Minister of Agriculture
- In office 5 November 1945 – 19 November 1951
- Prime Minister: Einar Gerhardsen
- Preceded by: Einar Frogner
- Succeeded by: Rasmus Nordbø

Member of the Norwegian Parliament
- In office 4 December 1945 – 30 September 1961
- Constituency: Hedmark

Mayor of Stange Municipality
- In office 1 January 1926 – 5 November 1945
- Preceded by: Martin Hestnæs
- Succeeded by: Chr. Stensbak

Personal details
- Born: 16 February 1887 Vestre Toten, Oppland, Sweden-Norway
- Died: 23 December 1976 (aged 89)
- Party: Labour

= Kristian Fjeld =

Norwegian politician

Kristian Fjeld (16 February 1887 – 23 December 1976) was a Norwegian politician for the Labour Party. He was Minister of Agriculture from 1945 to 1951.

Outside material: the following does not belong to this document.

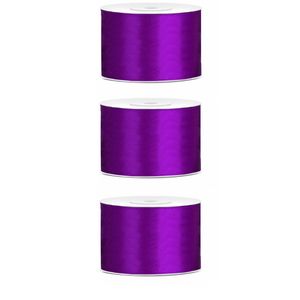 3x Hobby/decoratie paars satijnen sierlinten 5 cm/50 mm x 25 meter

Fjeld comes from Vestre Toten Municipality in Oppland county, but it was as a local politician in Stange Municipality and as a member of the parliament for Hedmark that he made his contributions to Norwegian politics.

During the occupation of Norway by Nazi Germany he was imprisoned in Hamar on 29 August 1942, and incarcerated in Grini concentration camp from 1 September 1942 to the war's end in May 1945.